Pearce thanked James Garley, the post commander, for being a part of the ceremony and hosting the event at the post.

“These posts don’t run themselves,” Pearce said. “We need someone to keep the flame burning.”

Young was part of the 2523rd Army Air Forces Base Unit in Dallas and served as a radio operator and a mechanic gunner in the campaigns of Rome-Arno, southern France, air offensive Europe, air combat Balkans and north Apennines.

During a mission over Italy, Young’s plane took flak and 20 mm cannon fire. Despite being heavily damage, the plane went out over the target twice to drop its payload.

“These young men and women went out and did their duty,” Pearce said. “Even though one of every three B-17 crews were lost.”

Many of the soldiers serving during those dangerous times were awarded medals and commendations, Pearce said, but in the rush to come home, many times the decorations were awarded but never given to the person.

In 2004, staff from around Pearce’s Congressional District 2 went out with voice recorders to find veterans and record their tales of service. The effort was part of an oral history project through the Library of Congress.

“I would encourage Sgt. Young’s family to record his memories and we will help get that to the Library of Congress,” he said.

After the presentation of the decorations, Young spoke briefly, recalling the bombing of Tulan, France, to prepare for Gen.
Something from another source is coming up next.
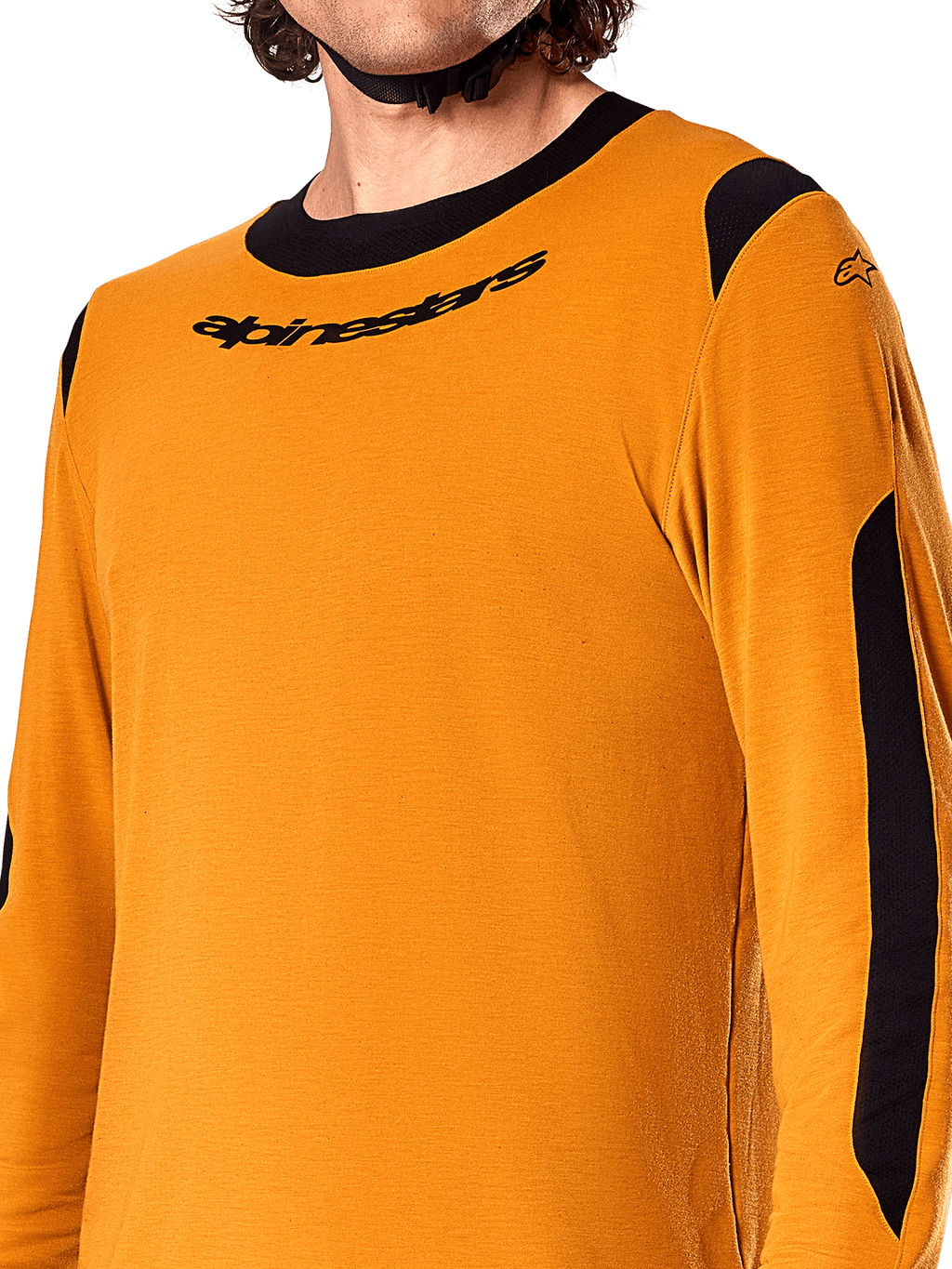 Jersey de manga larga Alpinestars A-Dura Dri Wool, color oro oscuro, primer plano que muestra el cuello redondo negro con logo y paneles de ventilación de malla negra en los hombros y brazos, ropa de alto rendimiento para bicicleta de montaña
Patton’s landing on the beach.

“We were hit with an 88 mm shell in the cockpit and the pilot was lost,” Young said. “We ended up on the island of Corsica.”

Young flew 17 missions total, during what he called a “rough part of the war.”

When he wasn’t flying, Young was part of the intelligence office doing observation.

“The proper people were observed, prosecuted and executed,” he said. “I’ll stop right there. You need a super secret clearance for more.”

Born in Ravenna, Texas, on Oct. 27, 1922, Young was drafted into the Army on Jan. 20, 1943.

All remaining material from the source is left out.